1. Introduction
Schizophrenia is a severe mental illness that affects millions of people worldwide and can profoundly impact the affected individual, their families, and society as a whole [
1,
2,
3]. Chronic psychotic symptoms can make it difficult for individuals with the illness to maintain relationships, hold a job, and have a fulfilling life [
3]. Moreover, living with schizophrenia leads to a significantly reduced life expectancy due to a much higher risk of completing suicide and suffering from chronic physical conditions such as cardiovascular diseases or diabetes [
4,
5]. The societal burden of this illness is quite high given the loss of productivity and the substantial costs associated with treating schizophrenia (i.e., hospitalizations, regular healthcare appointments, and medications) [
2,
6]. Most distressing acute symptoms can be substantially reduced using antipsychotic medications; however, up to a third of patients fail to improve, making them resistant to treatment [
7]. These individuals often have a poorer quality of life, experience more frequent hospitalizations, have higher rates of suicide, leading to significantly higher societal costs compared to those who respond appropriately to antipsychotics [
8]. The most effective medication for this condition, clozapine, is not always an option since it has poor tolerability and requires careful monitoring for severe side effects [
9,
10]. Moreover, a significant subset of treatment-resistant patients also fails to respond to clozapine; these are often referred to as being “ultra-resistant” to treatment [
11].
To learn how to cope with their persistent symptoms, patients with treatment-resistant schizophrenia are generally encouraged to undergo psychotherapy [
12]. The most prevalent and distressing symptom is auditory verbal hallucinations (AVH) i.e., hearing voices); therefore, this specific component of schizophrenia is targeted by a few psychotherapeutic approaches [
13,
14]. The most studied and widespread one is cognitive–behavioral therapy, which has been shown to be significantly more effective than a control condition in reducing the frequency and distress associated with AVH in this population [
15]. However, the effect size is only moderate and the symptoms of only a small subset of patients are reduced in a clinically significant manner [
16,
17,
18,
19]. Additionally, according to a recent meta-analysis, CBT for psychosis might have little to no impact on quality of life [
19]. This could be due to the fact that this therapy, largely based on psychoeducation and mindfulness, does not offer the patient an opportunity to practice interacting with their voices and finding new co** strategies under therapeutic supervision. To address this gap, a few novel therapeutic approaches are now focused on having the patient improve their relationship with their voice(s), notably by entering a dialogue with them [
20]. This can be achieved using different techniques such as chairwork (i.e., having the patient take the role of the voice in one chair and then answering them in a different chair), through role-play with the therapist, or by dialoguing with an avatar representing the distressing voice [
20]. Avatar therapy (AT), which was initially developed using an avatar on a 2D screen, has now been adapted to virtual reality (VR), thereby increasing the immersive aspect of psychotherapy [
18,
21,
22]. In this therapy, patients with treatment-resistant schizophrenia are first invited to create and personalize an avatar resembling the mental image that they have of their most distressing hallucination, both in terms of physical appearance and tone of voice.
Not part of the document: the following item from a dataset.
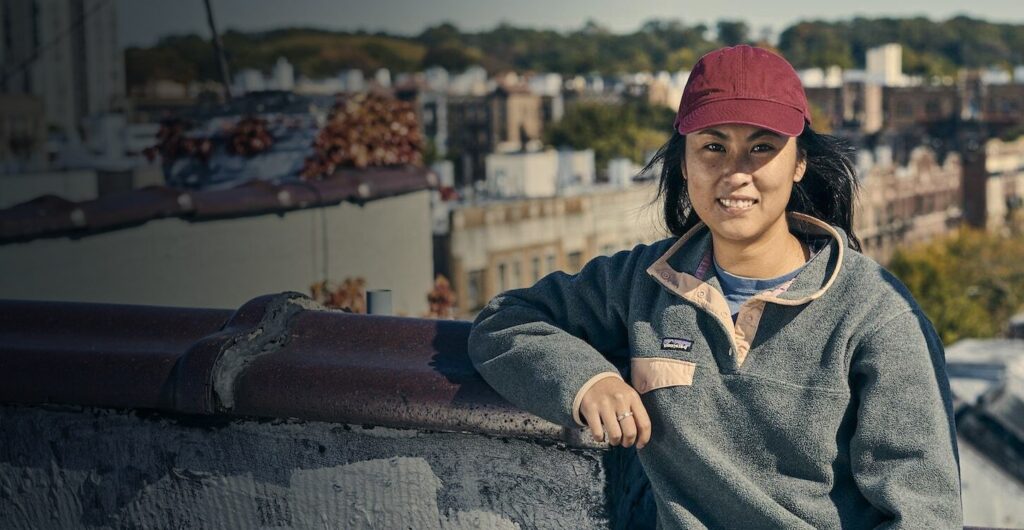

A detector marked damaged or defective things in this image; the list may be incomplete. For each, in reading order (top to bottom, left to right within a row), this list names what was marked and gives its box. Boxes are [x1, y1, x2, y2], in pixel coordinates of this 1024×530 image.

Afterward, patients undergo six to ten one-hour weekly therapeutic sessions which all include approximately 5 to 20 min of dialogue with their avatar in VR. The avatar is animated by the therapist, who is installed in a separate room and has their voice modified in real-time. In addition to role-playing the voice, the therapist also has control over the facial expressions as well as the distance between the avatar and the patient. During the first few sessions, the therapist starts by repeating verbatim what the patient reports that their voice usually says, and mostly uses provocative techniques. For example, the therapist, animating the avatar, might repeat “you are worthless”. However, the avatar gradually opens to the patient and starts using more and more positive techniques [
18,
21,
22]. The different themes addressed during AT have been described in detail in a previous qualitative study by Beaudoin and her team [
23]. Notably, the avatar mainly used techniques that were classified as provocative (e.g., threats, accusations, affirmations of omnipotence) or positive (e.g., reinforcement, empathetic listening). The patients responded in a few different ways: with an emotional response (positive, neutral, or negative), by mentioning beliefs about the voices and/or schizophrenia (e.g., omnipotence, malevolence), self-perceptions (i.e., self-appraisal or self-deprecation), co** mechanisms (e.g., self-affirmation, counterattack), or aspirations (e.g., prevention strategies) [
23,
24].
While previous qualitative studies highlight promising avenues to better comprehend the inner psychotherapeutic processes that might be linked to a positive outcome, it is possible that some elements are underexamined or prone to subjective biases, which are prevalent in such studies [
25]. The use of artificial-intelligence-driven approaches, such as unsupervised machine learning, is an increasingly seen technique in various medical fields in order to derive objective data from several types of textual datasets (and other sources of datasets) in the medical field [
26]. It is a technique in which unlabeled data are used to conduct different types of tasks such as hierarchical learning, data clustering, latent variable modeling, dimensionality reduction (on large datasets), and outlier detection [
27]. A few implementations of such algorithms are found in psychiatry. For example, recent research conducted by Kung et al. (2022) used unsupervised learning to identify qualitative subtypes of depression based on the clinical data from 18,314 patients with depression [
28]. Another recent example is the identification of five subgroups of psychosis amongst 765 individuals suffering from
DSM-IV diagnoses of schizophrenia, bipolar affective disorder (I/II), schizoaffective disorder, schizophreniform disorder, and brief psychotic disorder by using clustering methods: affective, suicidal, high functioning, depressive, and severe psychosis [
29]. In the field of psychotherapy and psychotherapeutic approaches, the latest literature review on the subjective identifies nine studies that used unsupervised machine learning [
30]. Most of these applications were used to perform human-like responses to interact with patients after learning from datasets of multiple interactions derived from thousands of therapy sessions. An example of such application is the development of
ClientBot, by Tanana et al. (2019), which used natural language-processing methods for automated coding rather than human coders to perform interactions with the patients [
31]. To our knowledge, the use of unsupervised machine learning to objectively assess verbatims from AT has never been conducted. Natural-language-processing (a subset of machine learning) approaches for patients suffering from schizophrenia are currently being studied and demonstrate promising avenues to characterize sub-clinical linguistic differences in schizophrenia-spectrum disorders which might be clinically relevant [
32]. Analysis of verbatims using unsupervised learning might therefore provide insights as to different types of interactions taking place during the immersive sessions.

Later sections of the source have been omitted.